What you need to do:
Look through the data below and output, unchanged, every line from the one holding "2007-2014 Silverado Sierra" through the one holding "Pilgrim HEILSTEINE Armband", inclusive. Skip the pictures.

Dataset excerpts:
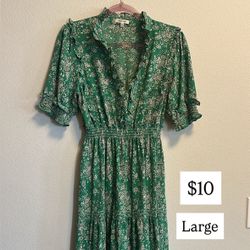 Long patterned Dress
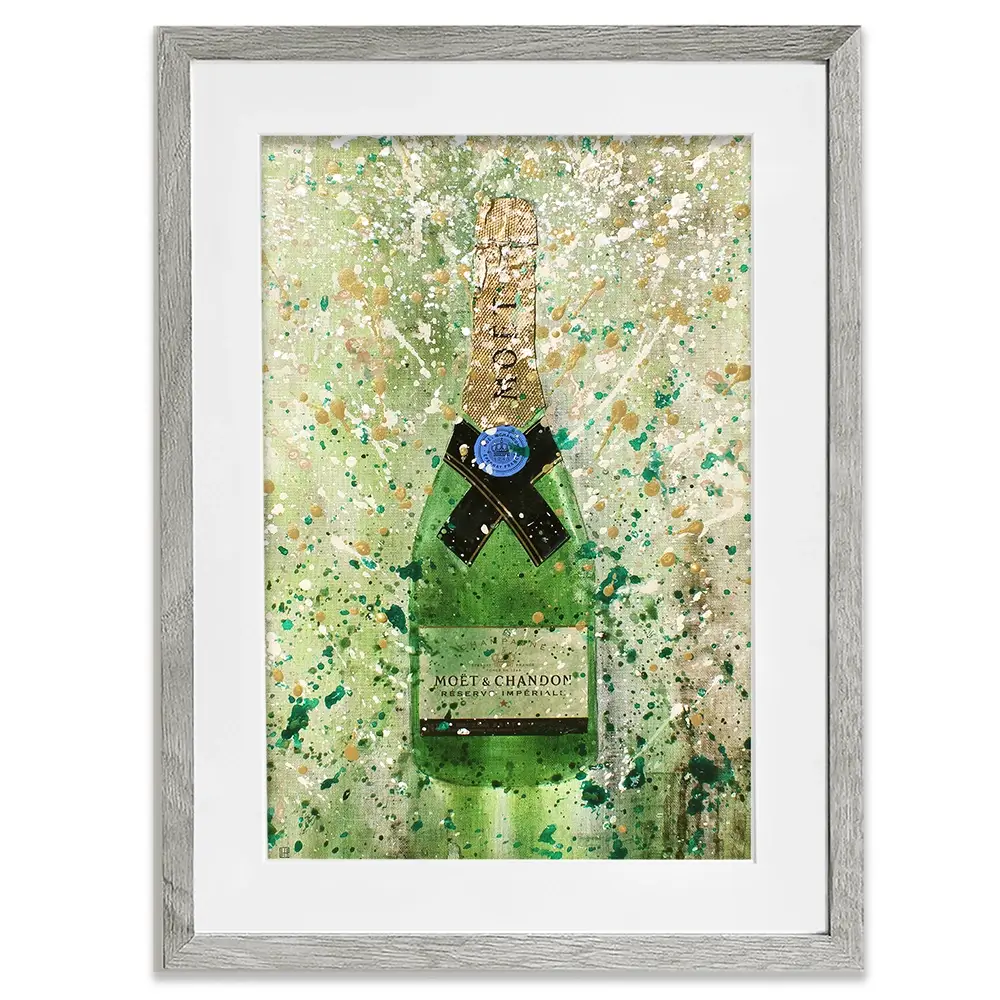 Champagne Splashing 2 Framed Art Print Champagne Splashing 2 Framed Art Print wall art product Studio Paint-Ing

...

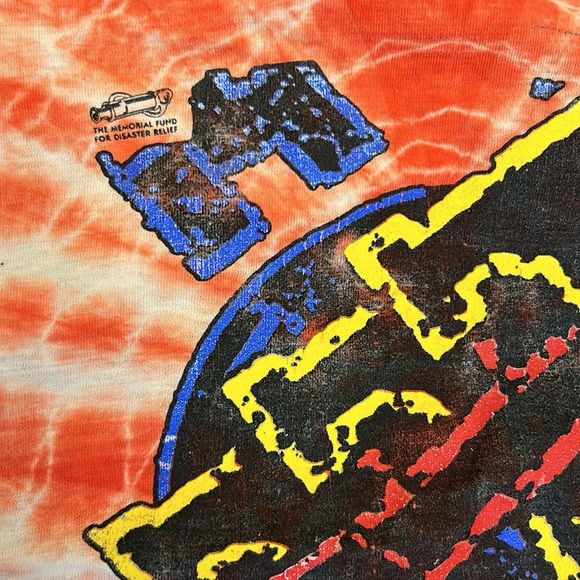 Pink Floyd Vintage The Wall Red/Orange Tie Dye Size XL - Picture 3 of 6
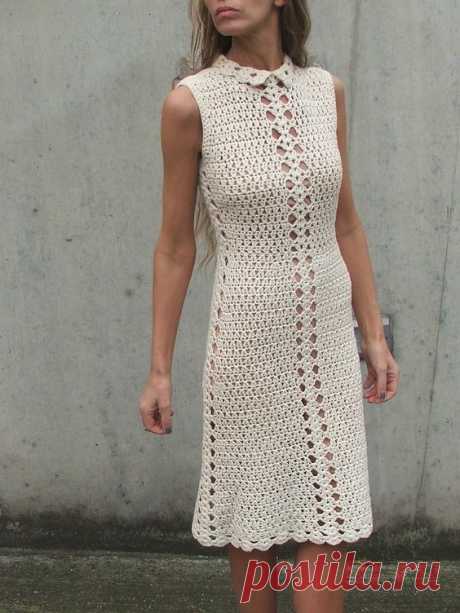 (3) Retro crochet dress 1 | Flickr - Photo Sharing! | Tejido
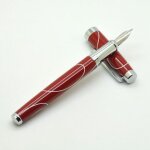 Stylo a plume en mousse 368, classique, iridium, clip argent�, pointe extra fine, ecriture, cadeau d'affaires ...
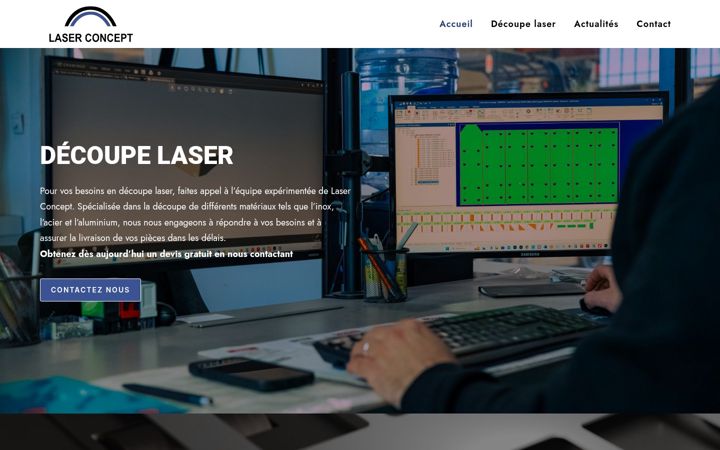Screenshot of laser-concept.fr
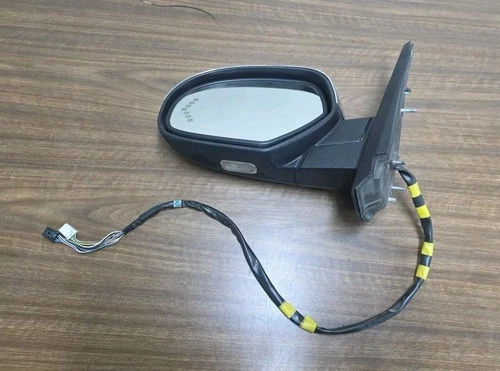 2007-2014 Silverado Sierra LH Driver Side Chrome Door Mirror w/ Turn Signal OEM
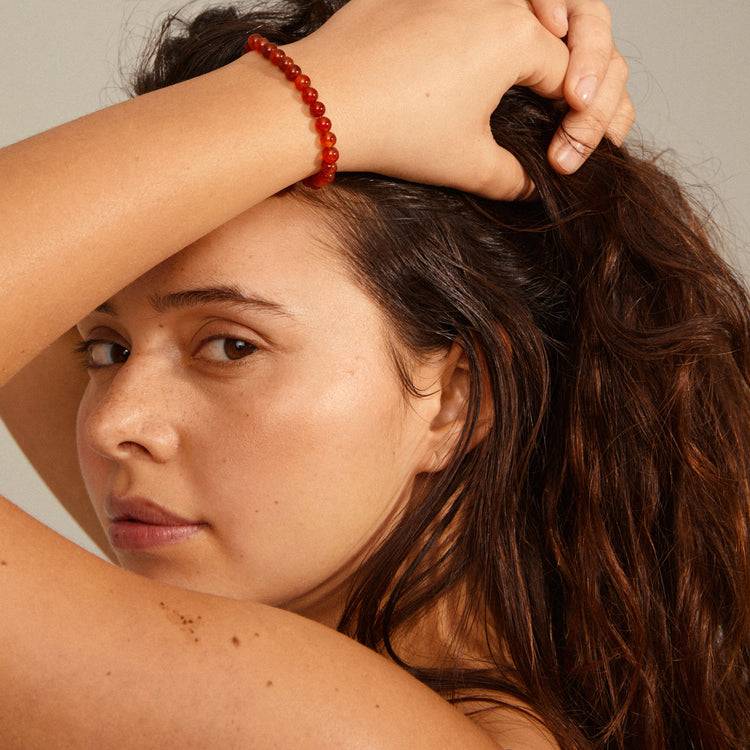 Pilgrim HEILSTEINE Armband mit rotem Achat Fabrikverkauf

...

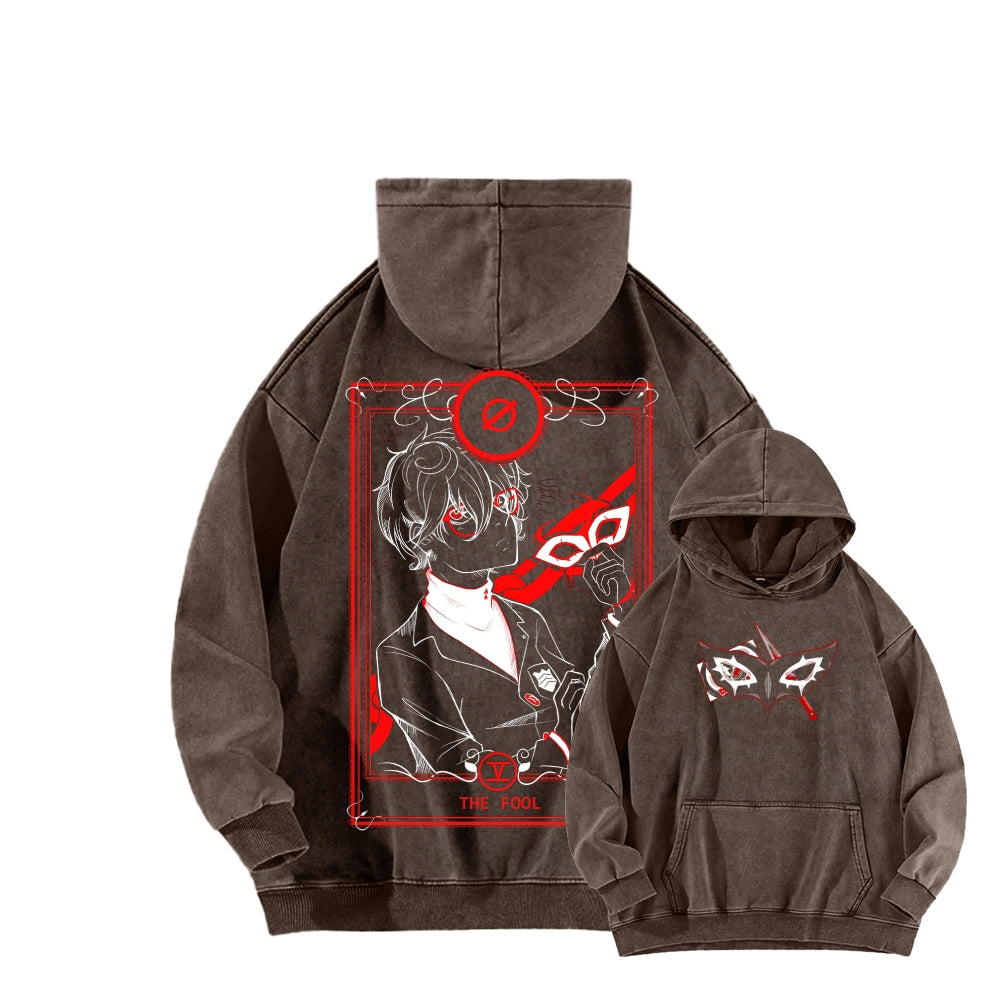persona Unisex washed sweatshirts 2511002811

Result of the task:
 2007-2014 Silverado Sierra LH Driver Side Chrome Door Mirror w/ Turn Signal OEM
 Pilgrim HEILSTEINE Armband mit rotem Achat Fabrikverkauf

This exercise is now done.